Еще одно бремя отечественной экономики – инфляция, о природе и специфике которой спорят ученые мужи. Честно говоря, меня как человека далекого от экономики эти научные дискуссии порой удивляют. Почему-то упускается из виду, что огромный сектор госбюджета либо перемещается в сферу теневой экономики, либо попросту расхищается через «откаты» или так называемое нецелевое использование средств. Но что будет делать человек, урвавший в наших экономических джунглях чемодан долларов? Разумеется, он тут же начинает тратить свои бешеные деньги. А из этого следует, что в денежный оборот постоянно закачиваются огромные средства, ничьим трудом не заработанные и выпуску никакой реальной продукции не эквивалентные. В итоге регулярно воспроизводится, поддерживается и усугубляется процесс роста цен в масштабах страны. И поэтому цифра, указывающая стоимость квадратного метра земли в районе Рублевского шоссе, – это одновременно и знак инфляционной опасности на пути нашей экономики, и символ преходящего могущества сильных мира сего.
Таким образом, даже инфляция в стране определенным образом обусловлена кризисом человеческой личности, потерей индивидуумом нравственных ориентиров, утратой современным человеком представления о том, что на Руси издавна называется страхом Божиим. Я не говорю о криминале, который является делом рук помраченного грехом человека и помимо него в природе не существует. Но попробуем обратиться к экологической проблематике. Техногенные экологические катастрофы, варварское расхищение ресурсов, преступное загрязнение нашей собственной среды обитания – разве способна на такое нравственная, духовно зрелая и социально ответственная личность?
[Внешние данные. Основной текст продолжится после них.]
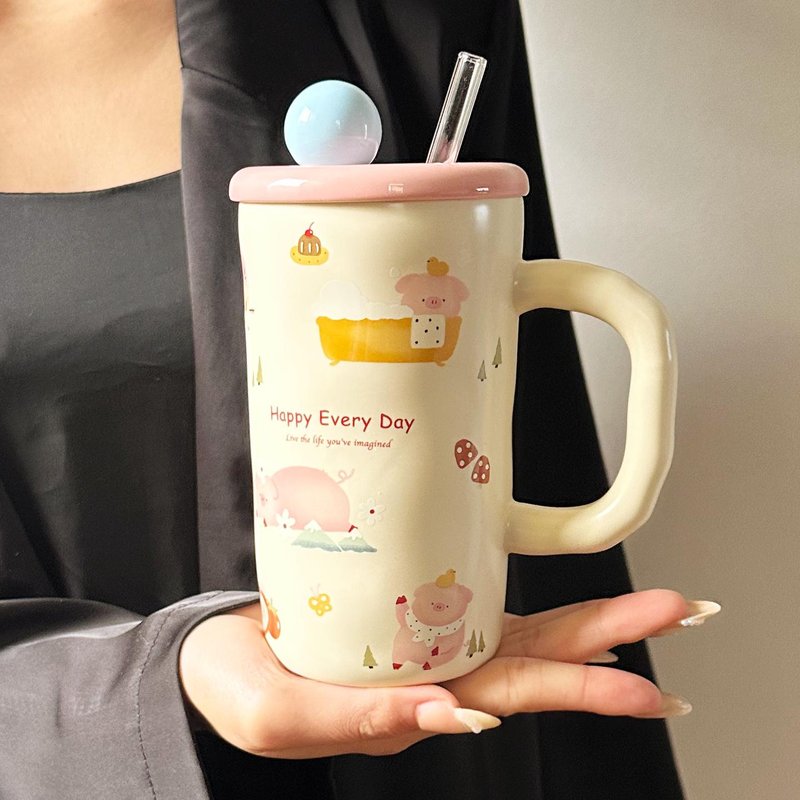 Ceramic Drinking Cup with Lid - Cartoon Style, 500ml Capacity, Multiple Variants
Нужно быть духовным скопцом, не ведающим различия между добром и злом, чтобы дерзнуть поднять руку на Божий мир. И какие технические рецепты ни предлагались бы научным сообществом для преодоления нынешнего экологического кризиса, ничто не изменится до тех пор, пока не станет иным отношение человека к Божьему творению.
Наконец, проблема демографии, о которой так много и замечательно было говорено и перед этой, и перед другими аудиториями. Порой нас пытаются убедить в том, что падение рождаемости вызвано неблагоприятным экономическим положением страны. Но вспомним дореволюционную Россию. Разве в ней многодетные семьи были богаче современных и разве аналогичный нашему демографический кризис в США и в Западной Европе не свидетельствует о том, что отнюдь не материальным фактором определяется сокращение рождаемости? Причина – в утрате жертвенного начала современным человеком, в его неспособности дарить ребенку свое свободное время, уделить ему часть своего материального достатка, посвятить ему свой отпуск, предоставить ему свое жилище... Если говорить кратко, то отсутствие жертвенности есть отсутствие любви. Потому что любовь и жертва – эти понятия с точки зрения христианской веры практически синонимичны. Ибо величайшим свидетельством и доказательством любви к человеку стала Жертва Христа Спасителя, являвшаяся не чем иным, как обнаружением перед миром Божественной природы и Божественной любви.
Итак, к какой бы теме мы ни обратились, любая из них будет иметь под собой некую нравственную подоснову. И потому мы вправе утверждать, что все известные нам негативные явления в жизни семьи, общества и государства проистекают из единого источника – человеческой личности, переживающей кризис религиозно-нравственной идентичности.